Re: formula...yes, but remember...

 Posted on 12/26/1995 by STRACZYNSKI [Joe] to GENIE


Re: formula...yes, but remember that all the shows you cite, THE
HONEYMOONERS, I LOVE LUCY, and MISSION: IMPOSSIBLE were all shows of a time
that lent itself to formula, all of the 50s and 60s. You set a format and you
never wavered from that. (But even in those, there was some room to maneuver;
remember the DICK VAN DYKE show which was one long dream about alien invasions
and closets full of walnuts?
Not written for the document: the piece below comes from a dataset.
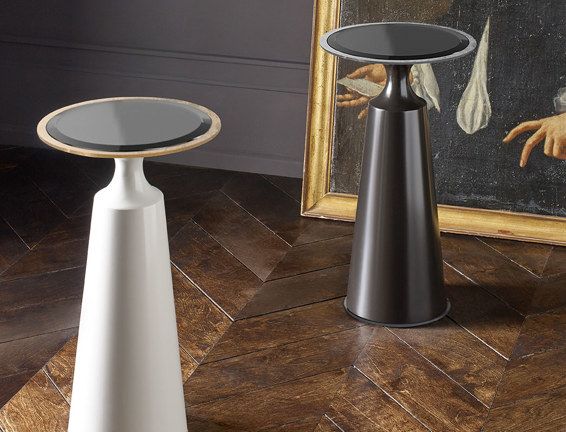 Two tables are sitting on a wooden floor in front of a painting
Even there some were experimenting and pushing
the envelope.)

Since then, television has grown, and changed, and the better shows tend
to be the ones that are most groundbreaking, least formulaic. You look at
TWIN PEAKS, or NYPD BLUE, or PICKET FENCES, and they're fresh, innovative,
interesting.

This is probably the one area where I have my biggest beef with ST. The
logic goes that if you're a new, untested show, you can't afford to take
risks, you have to build your audience. But ST has, however you wish to
phrase it, a guaranteed audience. It *can* take chances. It *does* have the
money for big episodes. But what it does is to stay within very strictly
proscribed boundaries. It's like having this incredibly powerful, souped up
Porsche...and using it to drive around the block to the corner store for
groceries.

ST is a program rooted strongly in the 1960s form of storytelling. It's
frozen in time, I think, when it could be innovative, challenging, dynamic.
It chooses, deliberately, not to be that. And if that's what people like
about it, then that's fine. I just think it's a tremendously wasted
opportunity to present something for the 90s that would be as innovative and
imaginative and challenging as the original ST was in the 60s.